INTRODUCTION¶
The recent increase in misinformation has stimulated research in fact checking, which is the task of assessing the truthfulness of a sentence or a claim. Companies such as Facebook and Twitter are prioritizing the implementation of fact checking algorithms to decrease the spread of fake news.
I am trying to solve a similar problem but in the domain of scientific literature. Due to rapid growth in the scientific literature, it is difficult for researchers and the general public even more so, to stay up to date on the latest findings. This challenge is especially acute during public health crises like the current COVID-19 pandemic. This is due to the extremely fast rate at which new findings are reported and the risks associated with making decisions are based on outdated or incomplete information. I am building a tool to assist researchers and the public in evaluating the correctness of scientific claims.
UNDERSTANDING THE PROBLEM
Fig 1
The task is to select abstracts from the research literature containing evidence that SUPPORTS or REFUTES a given scientific claim, and to identify rationales justifying each decision.
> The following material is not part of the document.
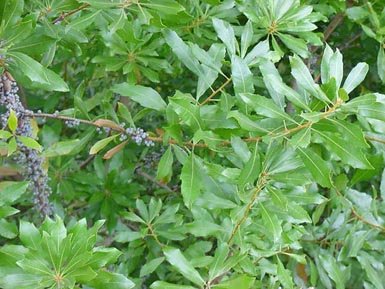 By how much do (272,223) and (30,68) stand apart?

If you look at the Fig 1 above, the scientific paper contains references from numbers 1-7. On the left of the figure, you can see that the scientific paper contains a sentence that says ”Cardiac injury is common in critical cases of covid 19.” It contains the citation numbers 3 and 7 within the sentence. The user wants to verify the correctness or veracity of this claim.
This project will detect the citations within this sentence, i.e it will automatically detect that the 3rd and 7th references have been cited, will download these cited documents automatically from the internet and then utilizes the pre-trained models to check if the veracity of the claim. There are 2 models that will be required for this project:
The first model is the Rationale Selection Model: This will look at the claim and select sentences from the cited documents that closely correspond to it. Here on the left, you can see that the rationale selected is “More severe Covid 19 infection…”
The second model is the Label Prediction Model: This model will look at the sentences selected by the Rational Selection Model and will tell you if the sentences approve or deny the claim. On the left of the diagram, you can see that the rationale sentence selected supports the claim. This is the decision of the model.